So EVERYONE has heard the threat about being sent to military schools (at least if you occasionally in trouble:), but I was wondering if anyone actually did? What was your experience like? Or were you a parent that sent your kid to a military school?

37 comments
  1. For a bit more context:

    I have known a couple of people went to military schools, one went to a place called Culver which was actually the opposite “being sent to military school threat” because he actually had to work hard to get in, stay in, and he wound up getting a scholarship to a great college. A co-worker went to a place called Marine Military Academy, I haven’t gotten the details but it also sounds like kind of a high dollar place like Culver.

    SO… with my limited knowledge, did what we think of as “military schools” kind of all go out of fashion? And all that is left is sort of these high dollar college prep schools? Or… did “military schools” in the way that my parents would threaten me with never actually really exist.

  2. I think the more common term is boarding school.

    I know they exist but have never known anyone who attended one

  3. Military style high schools are out there, but exceedingly rare and usually boarding schools. More common are JROTC programs in regular public schools that include some military related classes, marching, and the like in addition to the regular classes. One of the high schools I attended had a Navy JROTC program.

  4. I don’t know anyone that went to “military school”. I think it’s a trope used by writers to illustrate a character was struggling getting along with teachers/parents/life.

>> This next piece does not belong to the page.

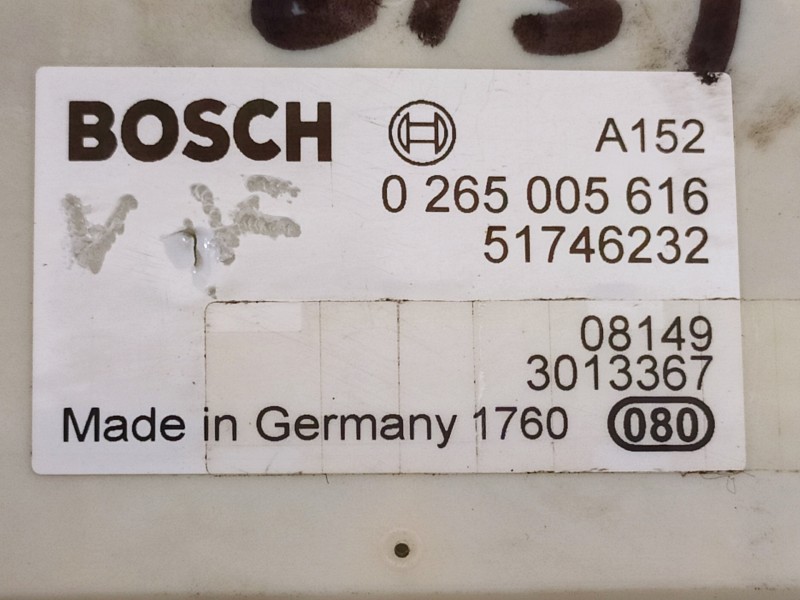 Recambio de modulo electronico para maserati granturismo s referencia OEM IAM 51746232 0265005616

    They’re not “common” at all. Private schools are common, there’s at least one in every town. Boarding schools less so. Military style academies even less so.

  5. One of my friends got sent to one in high school, he didn’t like it and was estranged from his mom (dad was not in the picture at all) for a long time over it. They’ve made up now but it was like close to ten years that he wouldn’t speak to her.

  6. They exist but aren’t super common.

    I know one person who went to Valley Forge Military Academy. It’s an expensive private school and not necessarily something people would be threatened with for disciplinary reasons.

  7. Yeah there was one in the county I grew up in and I encountered another in the Bay Area

  8. So there’s a couple things at work here.

    1. “Military Schools” used to be something that existed more commonly for high school. They don’t much/at all now. The threat remains, but it usually these days just means a strict boarding school.

    2. Culver is a boarding school with “Military” in the name. It may have an impressive and strict regimen, but it isn’t focused on the military aspect I suspect.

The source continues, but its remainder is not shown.